## WHAT YOU NEED TO DO
Each entry has to be given again in its exact wording, and no picture may appear in the result.

## DATASET EXCERPTS
>>>
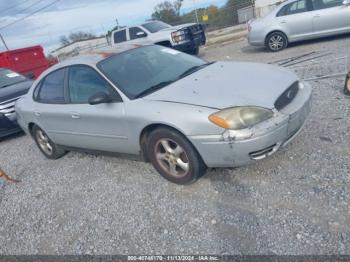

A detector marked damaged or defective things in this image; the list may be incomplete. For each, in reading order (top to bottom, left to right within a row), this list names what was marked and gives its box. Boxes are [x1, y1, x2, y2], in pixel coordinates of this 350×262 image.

damaged front bumper [189, 82, 312, 168]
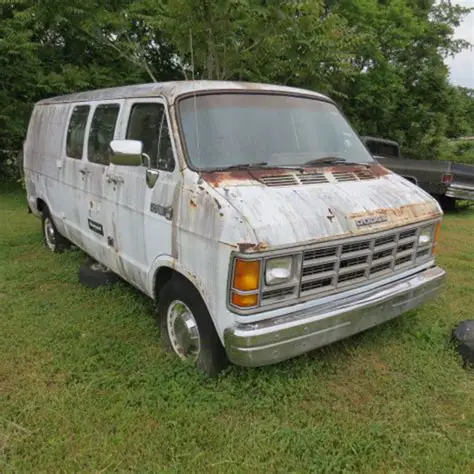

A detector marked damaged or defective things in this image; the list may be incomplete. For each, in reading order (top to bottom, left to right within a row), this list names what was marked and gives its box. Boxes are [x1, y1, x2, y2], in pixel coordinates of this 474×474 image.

rusty van [22, 81, 446, 374]
rusted hood [206, 170, 442, 252]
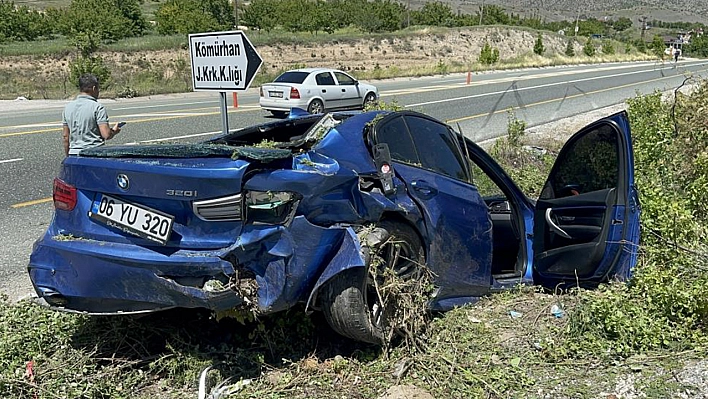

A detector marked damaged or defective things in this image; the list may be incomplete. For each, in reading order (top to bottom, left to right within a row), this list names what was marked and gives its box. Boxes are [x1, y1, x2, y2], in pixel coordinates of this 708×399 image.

wrecked car [27, 108, 640, 344]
<<<
## RESULT
A detector marked damaged or defective things in this image; the list may be incomplete. For each, in reading order (top to bottom, left to right within a row), this list names what was marked and gives its box. Boxes are [x1, y1, x2, y2], in pixel coordinates of this 350×262 image.

damaged front bumper [189, 82, 312, 168]

A detector marked damaged or defective things in this image; the list may be incomplete. For each, in reading order (top to bottom, left to right within a row), this list names what was marked and gives its box. Boxes are [x1, y1, x2, y2], in pixel coordinates of this 474×474 image.

rusty van [22, 81, 446, 374]
rusted hood [206, 170, 442, 252]

A detector marked damaged or defective things in this image; the list may be incomplete. For each, in reading order (top to bottom, left to right within a row), this list names what was marked and gives its box. Boxes are [x1, y1, x2, y2], in pixel coordinates of this 708×399 image.

wrecked car [27, 108, 640, 344]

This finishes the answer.